Homens cis não abortam

Nas últimas semanas notícias sobre aborto tomaram conta das manchetes nacionais e internacionais. Por aqui, tivemos o caso de uma criança de 11 anos de idade que sofreu estupro, engravidou e lutava na justiça pelo direito ao aborto seguro e previsto em lei, mas que foi novamente violentada pela própria justiça, através da juíza que tentou convencer a garota a seguir com uma gravidez de risco e fruto de extrema violência. Por lá, nos Estados Unidos, tivemos a notícia de que a Suprema Corte revogou a decisão que reconhecia o direito constitucional das mulheres ao aborto.

Nas redes sociais, muitas pessoas publicaram que se o homem cis pudesse abortar o aborto já seria legal e seguro, além disso, muitas publicações com a temática de que os homens cis já abortam, pois são mais 5,5 milhões de crianças sem o registro paterno no Brasil, além do abandono parental ao longo da vida. Vamos por partes. Uma coisa é uma coisa, outra coisa é outra coisa. Homens cis não abortam. Estou enfatizando o cis, pois existem homens trans que engravidam, portanto, estou falando dos homens cisgênero, aqueles que nasceram com o sexo biológico e se identificam com ele. Esses homens não abortam. Aborto é uma questão de saúde pública e que deveria ter os corpos particulares respeitados.

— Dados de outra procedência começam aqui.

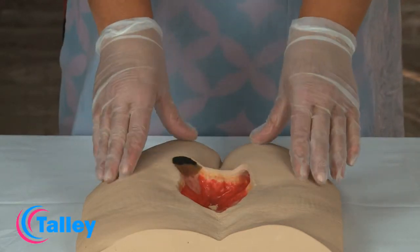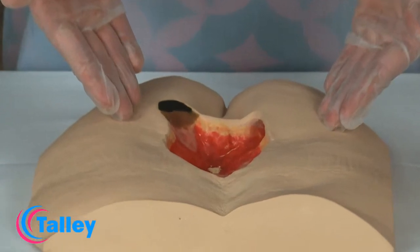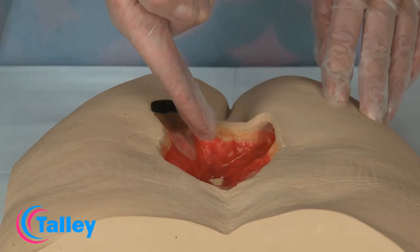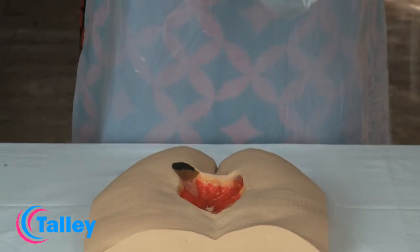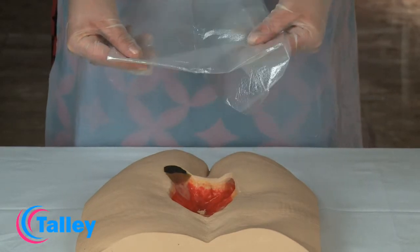The peri wound of this wound is healthy and intact, therefore no barrier protectant will be applied. In this grade 4 pressure ulcer, there is an area of exposed bone. The exposed bone and any underlying structures — for example tendon, fascia, and sheath — must be protected with a non-adherent contact layer.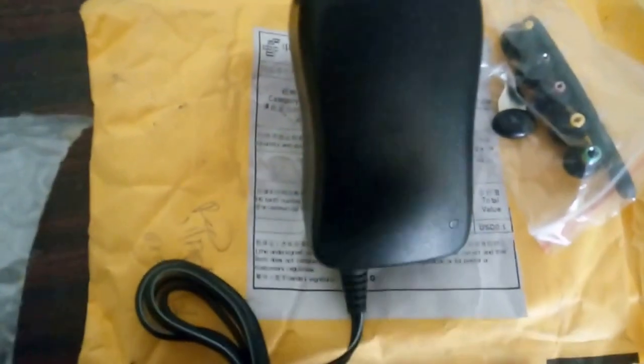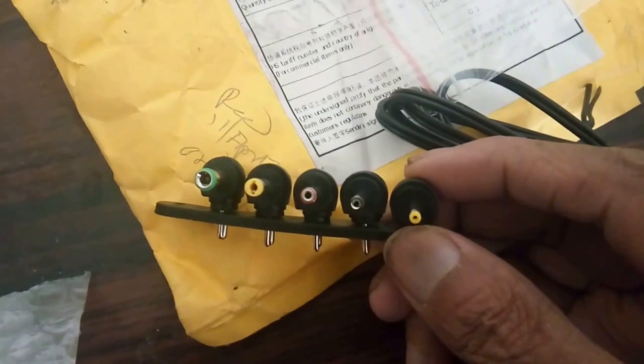It's an SMPS-based adapter, so no transformer inside. In the front, it has a European plug and an Indian plug. There's a green LED on the front, and it has a wire with a universal connector along with different kinds of connector tips included.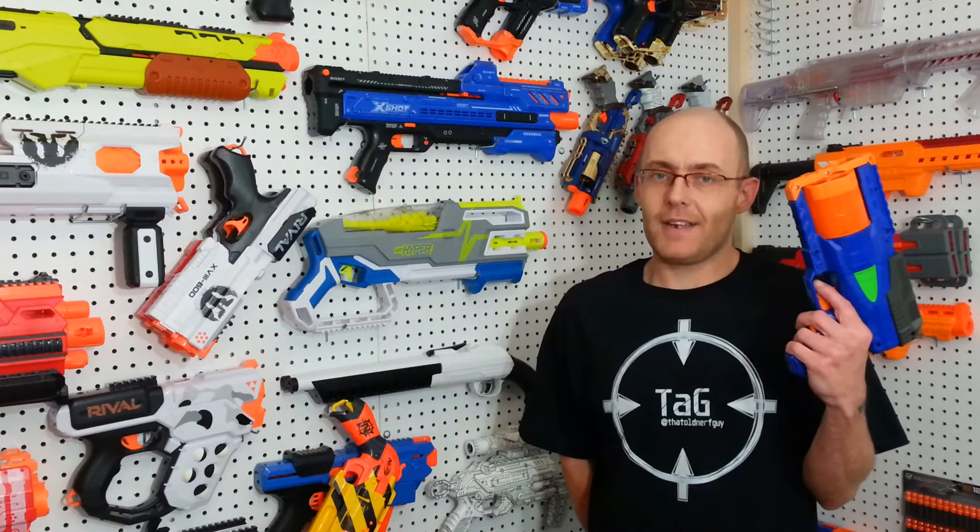Hey everyone, DataLNerveGuy here. Today, a small blaster that didn't make its way to Canada, but thanks to my official gunrunner, Scruffy Nerf Rider 39 — thank you man — I finally have it. So here's my quick review of the DARTZONE APEX.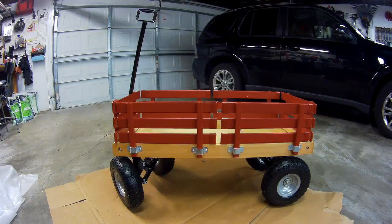Hello and welcome back to On The Workbench. Today we're going to be taking a look at this Berlin Flyer no-tip wagon, put together, and a few quick thoughts on it. So stay tuned and I'll show you how this gets put together right after this.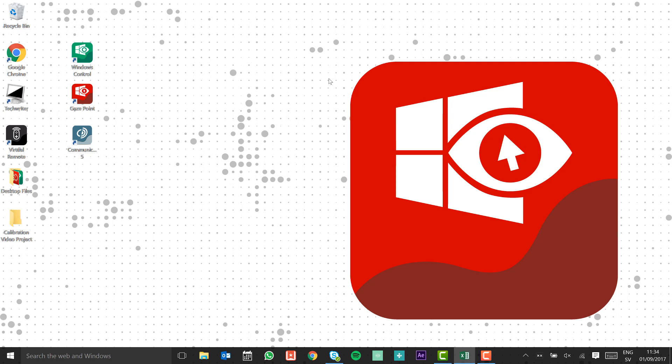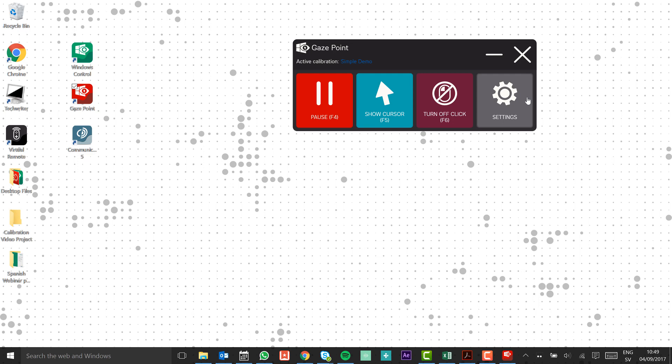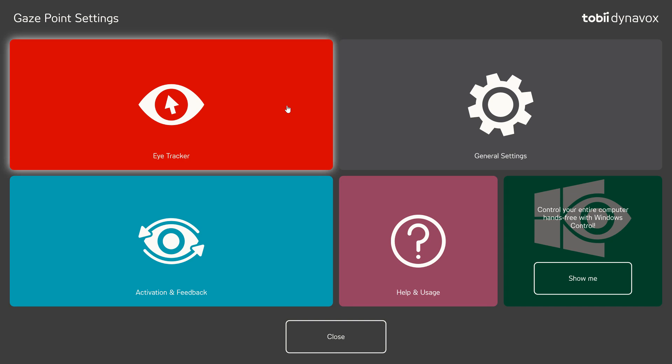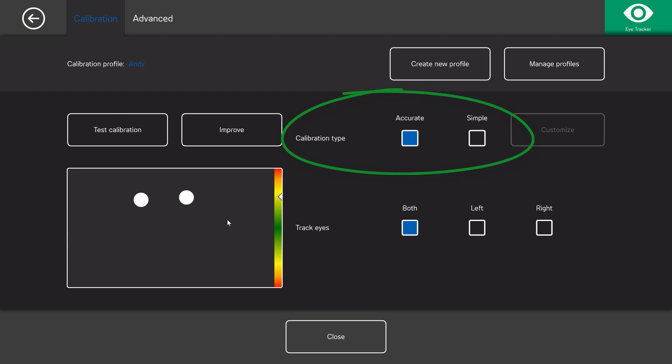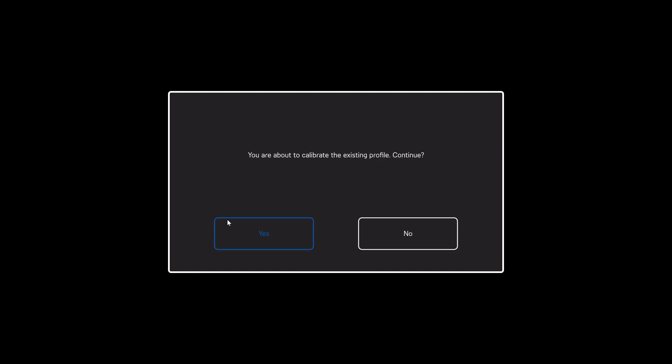First, open Gaze Point. Select Settings, then choose Eye Tracker Settings. Here you can choose to either create a new profile or improve the accurate calibration type. Press Yes.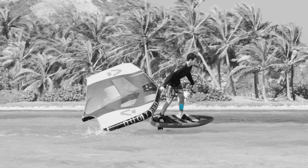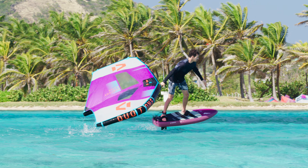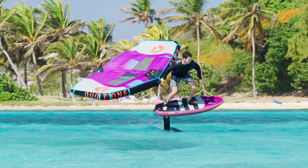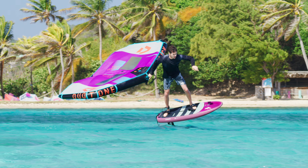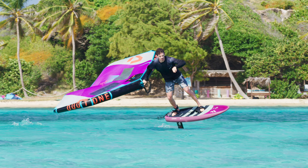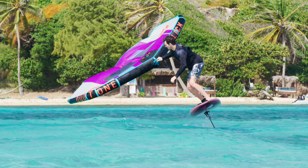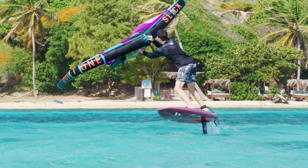Keep pumping the foil and try to stay well-centered above your board. Once you have completed 360 degrees, bring your wing back up into the natural riding position to regain power and speed.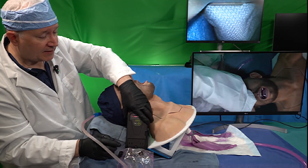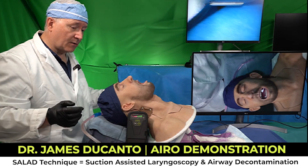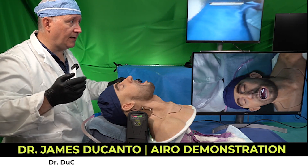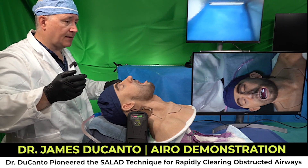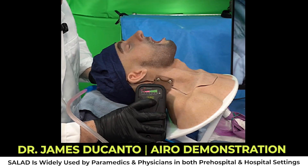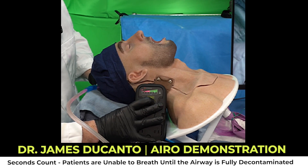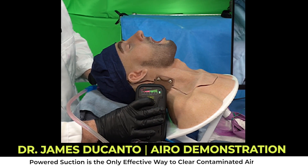I'm going to go ahead and put my unit down and examine my airway. You're going to notice that we have a completely contaminated airway, so we're going to perform what's called the SALAD technique. I'll begin suctioning the airway by activating the Aero unit and powering it up at 500 millimeters of mercury.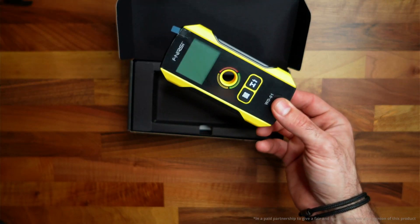Sick and tired of guessing where studs are in your wall? Well, not anymore — this finds them for you. Let me show it to you.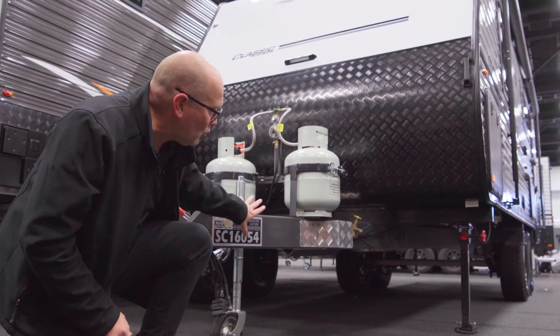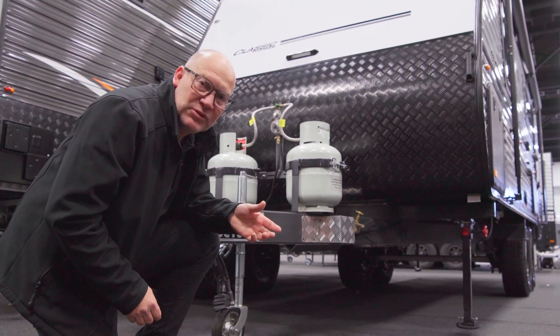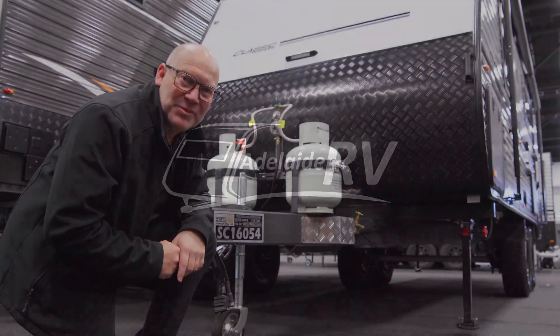A Road King chassis is always a six-inch chassis through to A-frame. It is box section steel and they use Duragal Australian steel as well, so starting in the right spot.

Já fui questionada por ser mãe e ser a favor do aborto. Mais uma vez, cada coisa em seu espaço. Ser a favor do aborto seguro não significa dizer que eu abortaria, significa dizer que o corpo da mulher não é um bem público, o corpo das pessoas que engravidam não deveria ser tutelado pelo Estado, as pessoas deveriam ter o direito de escolha do que fazer com seus corpos. Não vou entrar em méritos religiosos ou morais. E pelo que leio e acompanho, os abortos seguem acontecendo, de maneira segura para quem tem dinheiro para pagar, de maneira clandestina e perigosa para quem não tem. Por isso, homens cis não abortam, pois o aborto, nos moldes atuais é violento em diversos níveis e por ser julgado como cruel por toda a sociedade, inclusive a médica, que deveria ser ética e acolher quem precisa de atendimento, traz danos morais, psicológicos e muitas vezes físicos, irreversíveis a essas pessoas.

Homens cis abandonam crianças indesejadas por eles, homens cis abandonam crianças desejadas em algum momento, por motivos de divórcio, novos casamentos, carreira etc. Homens cis negligenciam crianças ao jogar toda a responsabilidade para as mães ou mulheres que cuidam e educam, achando que pagar uma pensão de 300 reais cuidará de tudo, pagará, inclusive, atenção e afeto. Homens cis pedem e até pagam para que as mulheres abortem, mas não fazem vasectomia, transam e insistem em transar sem camisinha. Homens cis forçam a barra, estupram, mas na frente dos amigos e família são os pró-vida. Por isso, caras e caros, vamos usar a expressão correta para nos referir a homens cis que não assumem responsabilidades por ESCOLHA, por livre e espontânea VONTADE e por seguirem reproduzindo um padrão machista e misógino que atrasa a vida de milhares de mulheres e as deles também.

Sugiro a leitura e pesquisa sobre o aborto seguro e saúde pública da pesquisadora e antropóloga Débora Diniz, covardemente ameaçada de morte pelo grupo “pró-vida”, exilada do Brasil, além de pesquisas e artigos disponíveis nas edições da Revista de Estudos Feministas, da Universidade Federal de Santa Catarina – UFSC. Dialogar para além de dogmas e escolhas pessoais é preciso. A questão existe e deve ser tratada da maneira menos violenta possível. A saúde deve ser pública, os corpos não.